Held at Queensland University of Technology between 21 and 23 August, DANscienCE Festival 2015 will explore topics such as the role of dance in the treatment of Parkinson’s Disease and dementia, dance as a tool for teaching, dance and the brain, space and astronomy, and the prevention of dance injuries.

In addition, New York dancer and choreographer Jody Sperling will present on her participation in a science mission to the Chukchi Sea in the Arctic in 2014. “Jody Sperling became the first ever choreographer-in-residence aboard the US Coast Guard Cutter Healy,” says Associate Professor Gene Moyle, festival co-director and QUT Creative Industries faculty head of discipline – Dance. “She danced on polar sea ice at a dozen research deployments and a short film of her dancing on ice won second place in Human Impact Institute’s Creative Climate Awards.”
 
Sperling is just one of a range of speakers which includes Australian and international artists, practitioners, researchers and scientists, says Moyle. “One of our keynote speakers is Professor Kate Stevens, director of research and engagement, and leader of the music cognition and action research program in the MARCS Institute for Brain, Behaviour and Development at the University of Western Sydney.
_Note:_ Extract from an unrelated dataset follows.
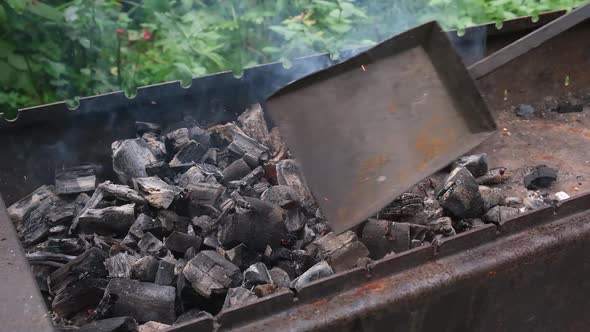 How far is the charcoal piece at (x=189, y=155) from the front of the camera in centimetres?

Another keynote speaker is Professor Kim Vincs, Director of the Deakin Motion.Lab, Deakin University’s motion capture studio and performance technology research centre. She has commercial motion capture credits for computer games, television commercials and film, including the Cannes Silver Lion winning Nocturnal Migration.”
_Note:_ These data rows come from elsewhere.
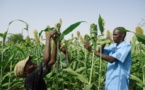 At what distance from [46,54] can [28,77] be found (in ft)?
1.00

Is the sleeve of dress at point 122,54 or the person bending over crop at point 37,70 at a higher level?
the sleeve of dress at point 122,54

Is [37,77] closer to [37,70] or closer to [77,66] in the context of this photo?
[37,70]

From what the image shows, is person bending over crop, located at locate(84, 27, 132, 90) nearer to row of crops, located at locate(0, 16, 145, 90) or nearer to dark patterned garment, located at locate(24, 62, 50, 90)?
row of crops, located at locate(0, 16, 145, 90)

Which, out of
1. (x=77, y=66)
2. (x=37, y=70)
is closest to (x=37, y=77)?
(x=37, y=70)

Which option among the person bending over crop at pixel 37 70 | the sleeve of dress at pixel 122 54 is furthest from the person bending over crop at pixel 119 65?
the person bending over crop at pixel 37 70

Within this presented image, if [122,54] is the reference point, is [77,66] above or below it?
below

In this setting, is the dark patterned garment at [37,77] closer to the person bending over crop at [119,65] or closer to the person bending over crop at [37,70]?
the person bending over crop at [37,70]

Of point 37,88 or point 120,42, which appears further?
point 120,42

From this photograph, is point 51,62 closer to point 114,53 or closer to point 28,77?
point 28,77

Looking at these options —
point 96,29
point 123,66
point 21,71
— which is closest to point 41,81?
point 21,71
Amongst the other speakers are Kavitha Krishnan, artistic director of Singapore’s Maya Dance Theatre, who will cover the subject of dance with dementia and Down syndrome, and Janet Karin OAM, former principal dancer of the Australian Ballet and now the kinetic educator at the Australian Ballet School, focusing on the application of neuroscience principles to elite ballet training. “Matthew Lawrence, another former principal artist with the Australian Ballet and now a sessional lecturer at QUT, freelance teacher, choreographer and writer, will present “A Short History of Life – The Big Bang and Ballet” while QUT PhD candidate Erica Rose Jeffrey will chair a forum on dance for Parkinson’s disease,” adds Moyle. “Presentations and performances will run over two days while on Day Three, attendees will be able to experience QUT’s Robotronica spectacular at Garden’s Point.”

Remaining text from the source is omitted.